I was listening an old Desert Island Discs podcast where Kirsty Young interviewed Miranda Hart. Miranda said that while she’s cast away on the desert island, she will structure her day and start by singing her school hymn. Her motto is to ‘Relax within a structure’. That phrase struck me for some reason and caused me to reflect on living life within limits. It led me to consider what is a common theme that clients bring, which is their struggle to find their place in life when an event or limit is placed on them. Within the restrictions, they want to not only find their place but take and own their space. limits

We constantly limit ourselves. We carry so many expectations around with us based on need to fit in, belong, achieve, be successful, and have ‘enough’ but often we don’t stop to think about what exactly ‘enough’ is. There too are some who keep resetting the goal post so ‘enough’ is always out of reach resulting in that constantly emptying feeling that they should always be doing more but always feeling they’re failing and falling short. Do we really need to be the most popular, most liked, most interesting, most successful, most promoted, most energetic, most good looking? What is the measure, who is measuring and to what end? What do you give up in order to aim for that? Have you taken a moment to consider whether you really want to choose those limits for yourself and whether you want to continue taking them on? Have these expectations been handed to you by your family? By previous generations? By the socio-political or cultural environment within which you live?

The all encompassing (perhaps depressingly factual) limit of our lives is that our birth leads eventually to our death. Within that structure, time is always limited. What is it that brings meaning to your life? What is it that you live for? This need not be such a huge, overwhelming philanthropic goal like ending world hunger – though it very well could be! You can start smaller with the more easily achieved goals such making a difference in just one person’s life. It could be as simple asking someone with genuine interest how they are if they are looking upset. That one moment can make a huge difference in that person’s life.

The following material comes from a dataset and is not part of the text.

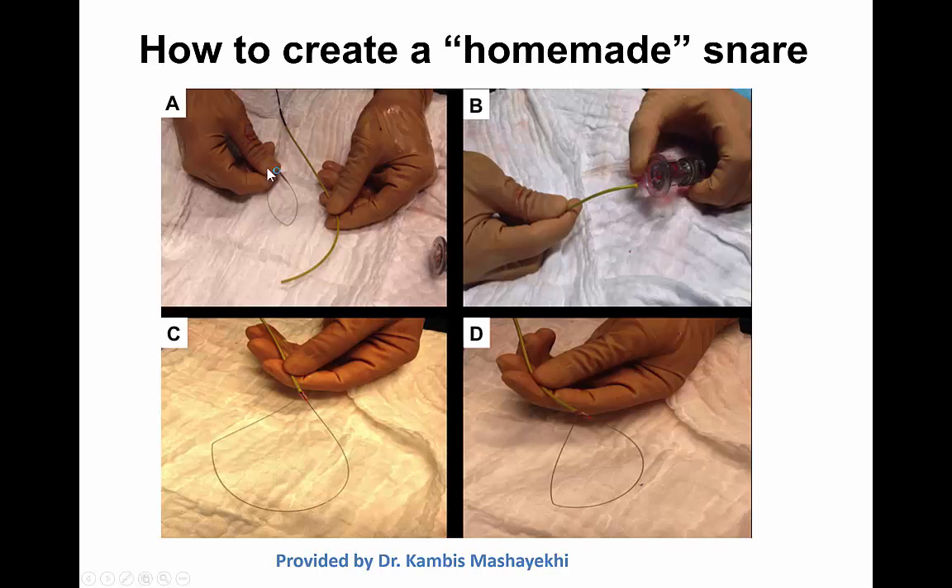The guide wire is advanced through the lumen of the balloon and then looped, and then the whole loop is inserted from the back collar of the guide catheter extension. Then the balloon is inflated inside the guide catheter extension, effectively trapping the front end of the guide wire.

You are the centre of the life you are living and your life only belongs to you. Within all of the pressures and expectations external to you and those you give yourself, give yourself permission to take time to appreciate, to feel satisfaction in even the smallest of things that you do. It’s so easy to always feel less than, it’s worth keeping that balance in check and more reflective of the truth. To someone else in any moment, you probably mean more to them than you realise. Be limitless and appreciate all of who you are and all that you do.